Most SEO advice online is written for SEO professionals, not for business owners. It's full of jargon, vague promises, and tactics that were relevant five years ago. Here's what actually moves the needle for small businesses right now.
Start with Google Business Profile
If you do nothing else, do this. Claim your Google Business Profile. Fill it out completely. Add real photos. Post updates occasionally.
For local businesses — restaurants, shops, service providers — this is often more important than your website. When someone searches "software company near me" or "web developer in Colombo," Google shows the map pack first. Your website might not even appear above the fold, but your Business Profile will.
It's free. It takes about 30 minutes. And it's the single highest-ROI thing most small businesses can do for SEO.
Your website needs to load fast
This isn't optional anymore. Google has been using page speed as a ranking factor since 2021, and it's only gotten more important.
Here's what "fast" means in practical terms:
- Your site should load in under 2.5 seconds on mobile
- The main content should appear without layout shifts
- Clicking a button should respond within 100 milliseconds
If your site takes 5+ seconds to load on a phone, you're losing visitors AND ranking positions. Test yours at pagespeed.web.dev — it's Google's own tool.
Write for humans, then check the boxes for Google
There's a temptation to stuff your pages with keywords. Don't. Google's gotten remarkably good at understanding natural language. Write clearly about what you do, who you do it for, and where you do it.
That said, there are some basics worth getting right:
- Title tags. Each page needs a unique, descriptive title under 60 characters.
- Meta descriptions. Write a compelling summary under 155 characters. It doesn't directly affect ranking, but it affects whether people click.
- Heading structure. One H1 per page. Use H2s and H3s to organise content logically.
- Internal links. Link your pages to each other where it makes sense. This helps Google understand your site structure and keeps visitors exploring.
Location pages are underrated
If you serve specific areas, create dedicated pages for them. Not thin, spammy pages with the city name swapped out — real pages with content relevant to that location.
We do this at PrimeTechix. We have pages for Colombo, Jaffna, Vavuniya, and London because the needs and context genuinely differ between those markets. A client in Jaffna looking for Tamil-language software has different priorities than a London startup looking for an MVP.
These pages help Google associate your business with specific locations, and they give potential clients a page that actually speaks to their situation.
Don't ignore mobile
Over 60% of web traffic in Sri Lanka is mobile. In the UK, it's about 55%. If your site doesn't work well on a phone, you're invisible to more than half your potential customers.

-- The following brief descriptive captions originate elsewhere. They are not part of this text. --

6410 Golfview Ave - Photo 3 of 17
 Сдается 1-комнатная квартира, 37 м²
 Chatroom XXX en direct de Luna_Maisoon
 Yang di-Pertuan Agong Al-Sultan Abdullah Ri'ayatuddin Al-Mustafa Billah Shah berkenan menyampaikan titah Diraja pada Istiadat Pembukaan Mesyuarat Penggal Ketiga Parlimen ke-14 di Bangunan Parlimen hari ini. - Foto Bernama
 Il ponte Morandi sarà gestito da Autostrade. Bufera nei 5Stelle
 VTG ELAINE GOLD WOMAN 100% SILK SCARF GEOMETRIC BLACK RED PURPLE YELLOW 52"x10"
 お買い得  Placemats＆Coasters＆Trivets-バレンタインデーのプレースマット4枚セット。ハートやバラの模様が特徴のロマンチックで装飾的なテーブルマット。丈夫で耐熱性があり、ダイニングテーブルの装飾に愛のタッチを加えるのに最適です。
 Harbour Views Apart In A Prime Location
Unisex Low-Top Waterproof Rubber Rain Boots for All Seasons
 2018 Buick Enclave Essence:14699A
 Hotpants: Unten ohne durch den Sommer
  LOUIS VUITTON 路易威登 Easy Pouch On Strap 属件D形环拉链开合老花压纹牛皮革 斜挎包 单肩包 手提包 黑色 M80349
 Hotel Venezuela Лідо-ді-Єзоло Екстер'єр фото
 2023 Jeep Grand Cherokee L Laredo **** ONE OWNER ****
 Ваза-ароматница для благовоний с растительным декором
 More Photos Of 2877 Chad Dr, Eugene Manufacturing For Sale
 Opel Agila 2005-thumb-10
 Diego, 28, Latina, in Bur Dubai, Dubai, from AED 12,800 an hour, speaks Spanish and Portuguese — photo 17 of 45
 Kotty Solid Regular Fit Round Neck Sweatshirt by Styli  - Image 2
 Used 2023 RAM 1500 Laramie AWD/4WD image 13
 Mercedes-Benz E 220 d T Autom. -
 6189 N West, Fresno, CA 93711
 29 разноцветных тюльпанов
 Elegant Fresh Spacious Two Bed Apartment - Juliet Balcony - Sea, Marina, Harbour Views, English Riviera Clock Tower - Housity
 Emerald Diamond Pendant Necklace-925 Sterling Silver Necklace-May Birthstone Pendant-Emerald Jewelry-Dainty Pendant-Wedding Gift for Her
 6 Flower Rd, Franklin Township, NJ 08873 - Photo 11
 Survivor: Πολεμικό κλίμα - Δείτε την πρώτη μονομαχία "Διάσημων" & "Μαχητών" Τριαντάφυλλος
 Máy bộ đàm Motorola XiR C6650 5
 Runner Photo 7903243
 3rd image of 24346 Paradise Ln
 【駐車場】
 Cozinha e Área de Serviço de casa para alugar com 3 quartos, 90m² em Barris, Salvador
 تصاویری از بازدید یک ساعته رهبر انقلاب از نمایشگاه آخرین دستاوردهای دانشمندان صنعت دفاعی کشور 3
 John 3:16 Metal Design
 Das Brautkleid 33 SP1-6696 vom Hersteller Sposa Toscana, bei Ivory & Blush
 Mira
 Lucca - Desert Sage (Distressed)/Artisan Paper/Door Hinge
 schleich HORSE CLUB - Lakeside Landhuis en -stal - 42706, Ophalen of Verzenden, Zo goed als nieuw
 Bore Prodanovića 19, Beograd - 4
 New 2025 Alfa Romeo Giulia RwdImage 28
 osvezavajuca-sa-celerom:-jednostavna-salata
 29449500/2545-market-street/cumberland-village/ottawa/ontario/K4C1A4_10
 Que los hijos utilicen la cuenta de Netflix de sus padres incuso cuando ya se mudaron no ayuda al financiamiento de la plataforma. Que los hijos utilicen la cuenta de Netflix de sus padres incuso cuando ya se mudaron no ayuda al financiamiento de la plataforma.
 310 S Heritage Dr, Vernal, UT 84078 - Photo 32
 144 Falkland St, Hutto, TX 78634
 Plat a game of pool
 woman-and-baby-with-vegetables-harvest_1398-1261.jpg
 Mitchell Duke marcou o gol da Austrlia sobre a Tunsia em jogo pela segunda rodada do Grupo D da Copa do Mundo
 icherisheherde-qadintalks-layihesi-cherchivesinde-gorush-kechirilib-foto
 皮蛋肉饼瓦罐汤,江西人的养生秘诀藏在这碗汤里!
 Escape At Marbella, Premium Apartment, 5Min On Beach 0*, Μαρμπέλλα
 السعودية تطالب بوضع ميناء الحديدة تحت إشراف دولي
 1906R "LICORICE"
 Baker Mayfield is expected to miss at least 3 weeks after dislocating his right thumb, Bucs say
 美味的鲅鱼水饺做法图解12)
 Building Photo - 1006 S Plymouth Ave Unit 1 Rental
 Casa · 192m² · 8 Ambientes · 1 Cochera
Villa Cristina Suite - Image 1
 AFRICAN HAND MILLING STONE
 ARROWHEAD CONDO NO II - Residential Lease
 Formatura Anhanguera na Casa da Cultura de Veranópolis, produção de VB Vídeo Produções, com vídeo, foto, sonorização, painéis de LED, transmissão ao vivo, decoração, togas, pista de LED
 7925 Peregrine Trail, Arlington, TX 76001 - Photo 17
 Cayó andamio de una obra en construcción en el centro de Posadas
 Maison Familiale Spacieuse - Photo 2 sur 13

Mobile-friendly doesn't just mean "it fits on a small screen." It means:
- Buttons are big enough to tap
- Text is readable without zooming
- Forms are easy to fill out on a touchscreen
- Nothing important is hidden behind a hover state
Structured data helps more than you think
This one's slightly more technical, but it's worth mentioning. Structured data (JSON-LD) tells Google exactly what your page is about — your business name, location, services, FAQs, reviews.
It's the difference between Google guessing what your page is about and Google knowing. It can also get you rich results in search — things like FAQ dropdowns, star ratings, and breadcrumbs that make your listing stand out.
What doesn't work anymore
- Buying backlinks. Google's spam detection is genuinely good now. Low-quality links will hurt more than help.
- Keyword stuffing. Writing "best software company in London" twelve times on a page doesn't work. It looks desperate and Google knows it.
- Publishing AI-generated content at scale. Google can detect it, and even if it can't, readers can. Thin content that says nothing useful won't rank for long.
The honest truth about SEO
SEO takes time. If someone promises you page-one rankings in a month, they're either lying or using tactics that'll get you penalised eventually.
Good SEO is about building something genuine — a fast website, useful content, real expertise — and giving Google reasons to trust you. That takes months, not weeks.
But once it starts working, it compounds. The traffic comes while you sleep. And unlike ads, it doesn't stop the moment you stop paying.